The Boomerang Box program illustrates the way raw material and goods move from one continent to another through international trade. Based on a traveling 40-foot cargo container (the “Boomerang Box”), the program includes a popular Web site (apl.com/boomerangbox) where teachers and school children can track the container’s movements around the world and learn about numerous aspects of international trade, logistics and transportation. Last year, APL also launched a mobile classroom in a 20-foot container called Boomerang Box Junior.
“We’re delighted that the educational outreach represented by the Boomerang Box has received such high recognition,” says Ed Aldridge, APL’s president for the Americas. “International trade is breaking down barriers and fundamentally changing the world. We think it’s vital that school kids understand the role that trade plays in their lives.”
The program’s effective and easy-to-use curriculum is packaged in three levels for students from kindergarten through 12th grade. The program is currently in use at more than 200 schools worldwide, and the Web site averages 1,000 hits per month. APL has received e-mail communications about the Boomerang Box from teachers and students worldwide.
Among the many cargoes carried in the Boomerang Box have been grain shipped for CARE from the U.S. to India; a decorative pavilion transported from Chongquing, China, for the Seattle, Washington, Chinese Garden; and computer monitors sent from Korea to Hamburg, Germany.
The Boomerang Box program was begun four years ago by APL in partnership with the Port of Seattle.
Another worthy educational effort, focused at a higher level, is the work being done by the Packaging Education Forum (PEF). The organization has for the past 40 years or so (its predecessor was the Packaging Education Foundation) created a bridge between university graduates with technical, marketing and management education in packaging, and the business community.
The corporate-membership organization has provided millions of dollars to 24 universities for activities ranging from research projects to establishment of academic programs providing degrees or majors in packaging technology.

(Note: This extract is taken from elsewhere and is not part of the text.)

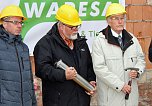 Grundsteinlegung für neues Wohn- und Geschäftshaus (Foto: Karl-Heinz Herrmann) Grundsteinlegung für neues Wohn- und Geschäftshaus (Foto: Karl-Heinz Herrmann)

PEF brings together packaging industry leaders who discuss industry and technical trends and needs. This year, at Pack Expo Las Vegas, September 9-12, PEF will induct four career packaging professionals into the Packaging Hall of Fame during its annual awards ceremony. This year’s inductees are Dr. Melvin Druin, retired vice president of packaging, Campbell Soup Company; Lloyd Ferguson, president, Summit Publishing Company; Ted Marquis Sr., founder and president, MARQ Packaging Systems Inc.; and Yoshikane Mito, director and chairman of the Japan Packaging Institute.
“These individuals are packaging professionals who spent their careers inventing and refining the packaging material, containers, machinery and components that affect every consumer on this planet,” says Ben Miyares, president, PEF.
Who says work has to be all work? Just more proof that packaging can be fun and personally rewarding — as well as profitable.